Ferrybank () is a suburb of Waterford City in Ireland. Much of Ferrybank, or "the village" as it is referred to locally, is under the political jurisdiction of Waterford City and County Council and thus an area of administration for Waterford City, on the northern bank of the River Suir, extending into County Waterford. However, some parts of Ferrybank extend into County Kilkenny and are administered by Kilkenny County Council. There has been a long lasting boundary dispute between both jurisdictions, with debates and proposals ongoing for many decades.

Sport
Ferrybank hurling club won the Waterford Senior Hurling Championship in 1915, 1916 and 1919. Locky Byrne is an inter-county hurler who was from the area, and played for both the Waterford and Kilkenny teams in the 1930s and 1940s. Athletic events have been held in Ferrybank since 1869. Ferrybank AC members to represent Ireland include Brendan Quinn at the 1988 Olympics and Kelly Proper at the 2010 European Championships.
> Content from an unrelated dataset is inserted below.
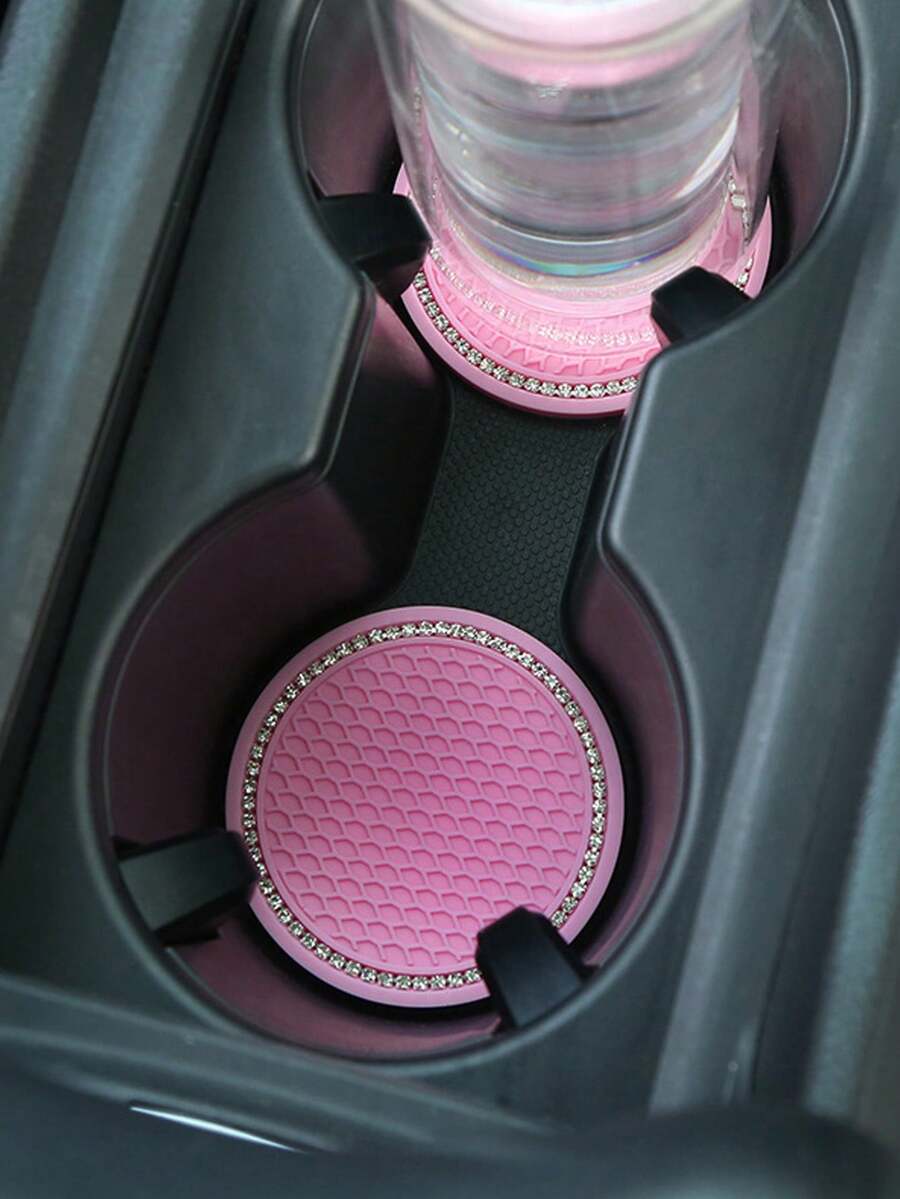 1个/2个/4个装 - 通用汽车闪亮杯架垫，水晶水钻杯垫，适用于杯架，汽车内饰配件，2.75英寸硅胶防滑杯垫，适合女性（黑色） - 彩色 - 查看 1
Association footballer John O'Shea, of Manchester United and the Republic of Ireland national team, played underage football with Ferrybank AFC.

Ghost shopping centres
The Ross Abbey Town Centre Shopping Complex was built in 2008 at a cost of €7 million and was sold in 2013 for €225k. It remained empty for several years after it was constructed. In 2017 (nearly 10 years after the complex was completed) the discount retailer "Mr Price" opened a unit within the development.
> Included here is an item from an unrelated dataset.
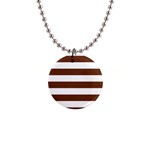 Horizontal Stripes - White and Auburn Brown 1  Button Necklace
The Ferrybank Shopping Centre on the south Kilkenny/Waterford border was completed in 2008 at a cost of €100m. It never opened, due to the failure of Dunnes Stores to take up its planned anchor tenancy, and (as of late 2022) remained closed. While containing no retail outlets, part of the development has housed a local library and county council office.

People
 Donal Foley, a writer and editor at The Irish Times, grew up in Ferrybank
 John O'Shea, former international footballer, lived and went to school in Ferrybank.